From a simple set of rules can come surprising behavior, both good and bad. Complex Adaptive Systems
and Swarm Intelligence
posts assume mostly this is a good thing — less bureaucracy and micromanagement should free people and organisations up to do their best work.
What if the simple rules instead lead to the opposite effect?
Quite often in organisations that do stupid things, it’s hard to pin the stupid decisions on any one person even in retrospect, and there may be no stupid individuals involved. Sometimes, … the people are very smart …
In any organisation, leaders should reflect on the simple rules that people follow even when they’re not thinking, and ask if they’re more likely to generate intelligence or stupidity.

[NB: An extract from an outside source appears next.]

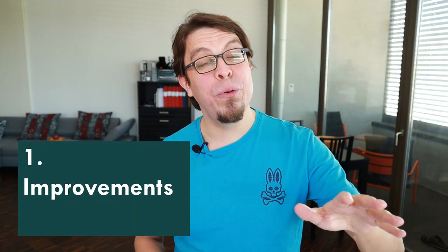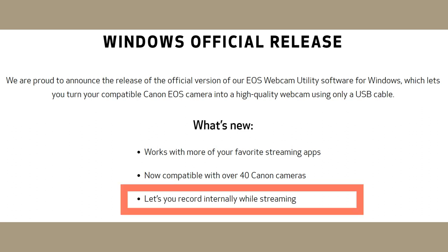The most important improvement in the final version of the EOS webcam utility is that you can now record internally whatever you're streaming with it. This is useful if you want to record your video conference or live stream internally on the camera, but for me there's a much more important benefit: I can now use my computer as a monitor with my Canon M50. I use the EOS webcam utility to help me monitor my recording when I'm recording YouTube videos, for example.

There is no innate human drive to avoid stupidity. We evolved to survive and thrive and that means getting along with others — that’s our priority, most of the time. [for example] avoiding open disagreement reduces the collective intelligence of any group. The more that members of a group follow a rule like ‘agree with the consensus’ or ‘agree with the leader’ the less gets contributed to the general pool of ideas and arguments. The shallower the pool, the more likely it is that something stupid will crawl out from it, covered in slime.
This is a good caution that no system is infallible and emergent behavior needs to be constantly monitored to make sure it is heading in a desirable direction. This can be tricky to balance as by the time patterns begin to emerge it may be difficult to course correct the system without dramatic interventions that go against the original intent to keep the rules simple. In this way it is easy to see how rules and bureaucracy build from originally idealistic ambitions about simplicity.